Welsh Government Enterprise Minister, Edwina Hart, has just launched a special £4m programme designed to assist around 1,200 nuclear industry workers at the Wylfa and Trawsfynydd sites to plan their future careers.
Meanwhile the enterprise agency on Anglesey, Menter Mon has a project called "Shaping the Future", and this aims to tackle the various challenges thrown up by these profound changes to the nuclear industry, arising from the necessary decommissioning programmes at the two sites within the region.
The Menter Mon scheme aims to offer careers advice, mentoring, training and job search support geared to give the workforce the best chance of securing future employment opportunities locally.
The Welsh Government supported project will also emphasise training and development opportunities in order to attract inward investment onto Anglesey, consistent with the ambitions of the Energy Island initiative. This way the local economy will maximise the existing skills and knowledge already available in the island workforce.
There is also a £2.3m European Social Fund support underpinning the initiative, as well as funding from the Mon a Menai project through the Welsh Government, and £1.2 million from the Nuclear Decommissioning Authority and additional support from Gwynedd and Anglesey County Councils.
The Minister said:"Helping the north west Wales workforce prepare for the future, grasp new opportunities and secure sustainable, alternative employment is essential to meet the challenges arising from structural change in the regional economy.
Our use of EU and other funding demonstrates how we can back up our tailor-made policies with resources to support our ambition to secure a highly skilled and adaptable workforce for a modern economy."
programme will make available 1 to 1 mentoring and help build individual action plans, focusing on any transferable skills gaps.
A training programme to retrain and re-skill the workforce will also be available, as well as specific initiatives to help individuals secure new jobs or to start up their own local business enterprise.
Judy Craske, Project Director, Shaping the Future, said:"Shaping the Future is an exemplar of how the public and private sectors can work together to pre-emptively address structural employment shifts and boost the diversity of regional economies.

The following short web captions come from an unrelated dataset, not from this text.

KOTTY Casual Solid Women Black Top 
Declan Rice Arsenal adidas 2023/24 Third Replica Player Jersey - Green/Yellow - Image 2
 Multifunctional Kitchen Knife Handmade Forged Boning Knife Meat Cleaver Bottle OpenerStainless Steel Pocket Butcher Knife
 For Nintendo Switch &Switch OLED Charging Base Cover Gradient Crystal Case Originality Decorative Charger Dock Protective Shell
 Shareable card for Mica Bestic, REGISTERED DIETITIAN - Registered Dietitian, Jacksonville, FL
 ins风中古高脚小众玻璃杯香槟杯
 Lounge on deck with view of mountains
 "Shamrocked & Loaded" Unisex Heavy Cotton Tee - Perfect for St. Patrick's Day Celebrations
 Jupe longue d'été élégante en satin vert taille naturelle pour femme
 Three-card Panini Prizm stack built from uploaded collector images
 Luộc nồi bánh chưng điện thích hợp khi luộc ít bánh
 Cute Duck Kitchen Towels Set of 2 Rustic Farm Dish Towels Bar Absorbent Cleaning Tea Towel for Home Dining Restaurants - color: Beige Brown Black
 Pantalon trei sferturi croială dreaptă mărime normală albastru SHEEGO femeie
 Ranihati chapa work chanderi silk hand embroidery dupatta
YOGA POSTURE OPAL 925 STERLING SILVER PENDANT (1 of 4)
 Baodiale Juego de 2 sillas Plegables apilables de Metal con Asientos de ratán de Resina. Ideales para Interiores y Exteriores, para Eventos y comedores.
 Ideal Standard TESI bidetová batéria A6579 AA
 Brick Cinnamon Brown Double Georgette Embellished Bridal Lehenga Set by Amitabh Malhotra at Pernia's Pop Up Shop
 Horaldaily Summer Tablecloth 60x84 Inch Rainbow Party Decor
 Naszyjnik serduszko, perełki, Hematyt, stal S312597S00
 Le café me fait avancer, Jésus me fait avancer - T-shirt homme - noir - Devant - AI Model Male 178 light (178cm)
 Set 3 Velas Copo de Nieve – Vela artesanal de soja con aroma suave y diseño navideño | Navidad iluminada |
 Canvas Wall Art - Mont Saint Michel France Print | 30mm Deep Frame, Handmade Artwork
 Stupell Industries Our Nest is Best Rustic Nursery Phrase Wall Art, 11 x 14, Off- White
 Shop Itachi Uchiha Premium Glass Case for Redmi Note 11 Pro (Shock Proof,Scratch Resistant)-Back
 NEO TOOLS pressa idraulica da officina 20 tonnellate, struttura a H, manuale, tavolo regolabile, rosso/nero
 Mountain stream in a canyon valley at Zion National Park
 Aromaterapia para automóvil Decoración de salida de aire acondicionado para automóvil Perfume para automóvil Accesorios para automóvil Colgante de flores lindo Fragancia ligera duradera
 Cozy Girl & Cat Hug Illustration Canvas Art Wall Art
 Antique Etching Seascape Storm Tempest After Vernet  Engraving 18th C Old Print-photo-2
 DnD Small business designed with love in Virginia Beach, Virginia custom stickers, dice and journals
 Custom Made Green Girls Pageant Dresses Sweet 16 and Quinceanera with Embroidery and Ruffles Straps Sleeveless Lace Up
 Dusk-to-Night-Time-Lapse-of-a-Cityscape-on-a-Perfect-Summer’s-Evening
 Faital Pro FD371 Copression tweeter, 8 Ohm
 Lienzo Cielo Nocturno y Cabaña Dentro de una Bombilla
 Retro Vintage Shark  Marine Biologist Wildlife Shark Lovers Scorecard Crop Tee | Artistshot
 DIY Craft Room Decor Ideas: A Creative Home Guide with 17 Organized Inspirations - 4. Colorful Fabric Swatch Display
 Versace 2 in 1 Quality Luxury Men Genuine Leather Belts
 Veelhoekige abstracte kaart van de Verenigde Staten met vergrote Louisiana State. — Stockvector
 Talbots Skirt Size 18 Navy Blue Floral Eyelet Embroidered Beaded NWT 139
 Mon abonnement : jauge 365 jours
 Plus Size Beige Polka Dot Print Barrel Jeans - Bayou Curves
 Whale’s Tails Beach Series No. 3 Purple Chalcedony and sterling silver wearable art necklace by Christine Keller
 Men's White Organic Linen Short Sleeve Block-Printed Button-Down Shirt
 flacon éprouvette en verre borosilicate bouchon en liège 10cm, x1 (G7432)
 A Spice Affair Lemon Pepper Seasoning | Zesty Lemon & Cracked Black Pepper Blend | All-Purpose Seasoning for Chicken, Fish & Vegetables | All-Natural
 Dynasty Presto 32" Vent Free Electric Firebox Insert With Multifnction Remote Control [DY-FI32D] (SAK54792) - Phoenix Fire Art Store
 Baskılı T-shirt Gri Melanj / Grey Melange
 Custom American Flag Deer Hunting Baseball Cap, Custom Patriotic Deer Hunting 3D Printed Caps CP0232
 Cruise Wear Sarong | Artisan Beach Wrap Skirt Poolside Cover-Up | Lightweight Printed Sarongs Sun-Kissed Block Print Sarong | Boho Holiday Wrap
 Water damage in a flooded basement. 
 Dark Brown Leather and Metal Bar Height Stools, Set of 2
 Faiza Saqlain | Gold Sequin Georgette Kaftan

At a time of national and global shortages in key technical skills and engineering expertise, North West Wales offers a unique concentration of scarce and sought after skills for employers to tap into."
Meanwhile, the Wylfa Nuclear Power Station has announced it is shutting down Reactor 2 permanently on 30 April 2012, after around 41 years of producing electricity. The other reactor will continue under the planned extension untiol 2014.
Site Director Stuart Law praised the local workforce which has produced electricity at Wylfa for over 40 years with a very commendable safety record.
Plans for a replacement nuclear plant, called Wylfa B, to be up and running by 2025 have taken a hit following the recent announcement that Horizon Nuclear Power are withdrawing from the major project. This follows difficulties encountered by the two joint venture partners, the German utility giants RWE and E.ON.
In the meantime, the UK government is desperately trying to establish whether a new consortium might be interested in taking on the Horizon challenge. Recently, the Russian nuclear Company Rosatom expressed an interest in building plants in theh UK, including Wylfa.